A son poste de travail l’ouvrière d’origine italienne devant sa machine arrêtée :
« On était bête comme ça à penser de dire « oh ! faut faire ça sinon on n’a pas de paie ». Mais pour quelques centimes de plus à l’heure, et à la fin des 8 heures, on pouvait tout de suite rentrer et aller au lit. Des fois, on était énervé même avec les gosses, et tout, quand on rentrait avec le mari. Je ne recommencerai plus à travailler au rendement. »
L’ouvrière qui aide les filles de machine :
« On n’est pas au rendement nous les aides. Je ne voudrai pour rien au monde travailler comme au rendement ! Moi je suis aide et ça me plaisait comme ça, même celles au rendement elles sont exploitées, elles s’imaginent que quand elles vont vite, quand elles vont vite, elles vont gagner plus, ce n’est pas vrai. Ils veulent absolument que le boulot sorte et puis c’est tout.
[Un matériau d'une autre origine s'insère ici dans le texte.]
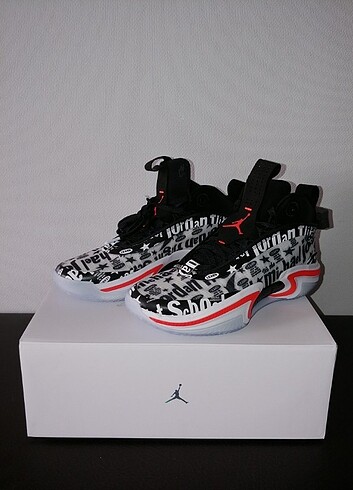 42 Beden Nike air jordan basketbol ayakkabısı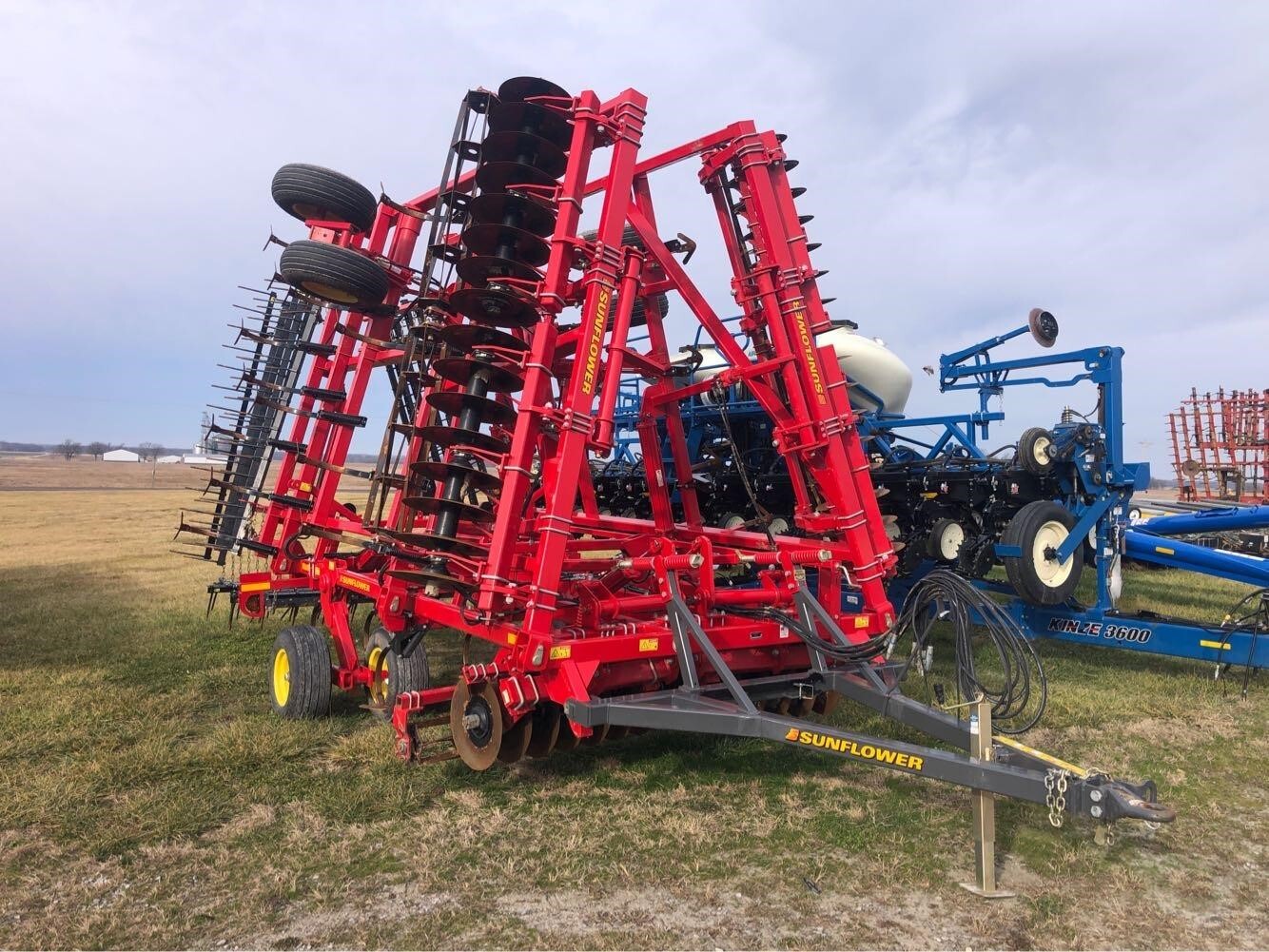 Sunflower 633328 Soil Finisher 64,900 Machinery Pete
Elles ne sont pas payées comme elles devraient être payées pour le boulot qu’elles fournissent. »
Sur le site de la filature déserté que nous arpentons au cours de ce mois de mai 1977, la caméra engouffre rubans de laine, bobines à moitié pleines, chariots abandonnés, sans oublier les tacots stockés dans les entrepôts, et qui ne seront jamais restaurés. Atmosphère particulière qui se dégage de toute cette vie encore présente, de ces immenses bâtiments, désormais silencieux. Immuable, coule l’eau du canal construit par le fondateur de la filature en 1840.
Tournage au domicile des délégués de la filature
Au système du salaire au rendement, déjà traité dans l’enquête exploratoire, s’ajoutera une réflexion sur la vie à la filature, avec les hommes [25] de la S.S.E, qui accepteront d’être filmés à leur domicile. Ils sont au plus près de cette affaire Schlumpf et de ses implications économiques, sociales, juridiques et politiques, depuis la création du syndicat en 1960 et même bien avant. Leurs épouses seront présentes. L’un est ouvrier professionnel (O.P. 2), homme à tout faire à la filature, il circule partout et « a tout vu du matin jusqu’au soir ». Il nous entraînera dans l’histoire de la filature, la suppression des renvideurs [26] remplacés par des femmes aux continus, la liquidation des ateliers, la politique salariale des patrons et le circuit commercial mis en place entre les usines de production. L’autre est manutentionnaire après avoir travaillé comme trieur. Il évoquera son parcours professionnel, son engagement syndical et la construction de sa maison. Nous les retrouverons dans une autre séquence avec une ouvrière déléguée pour évoquer la gestion des ressources humaines pratiquée par la direction Schlumpf : répression syndicale, pas de réembauche des femmes si elles sont membres du syndicat, déclassement et baisse des salaires, chantage au logement, politique d’embauche du personnel d’encadrement non qualifié. En pendant à cette politique répressive, les fêtes de Noël et autres manifestations, organisées par les patrons, exercent une réelle fascination sur le personnel.
Tournage d’autres images
Nous filmons des scènes évoquant la vie quotidienne des ouvrières dans la vallée, d’autres scènes d’occupation dans le musée (comme la fête du Premier mai 1977, la collecte, etc.) et dans la filature, des actions dont certaines sont spectaculaires (comme la mise à feu d’un vieux tacot à Thann, le 12 mai 1977, suite à l’annonce de la fermeture des filatures).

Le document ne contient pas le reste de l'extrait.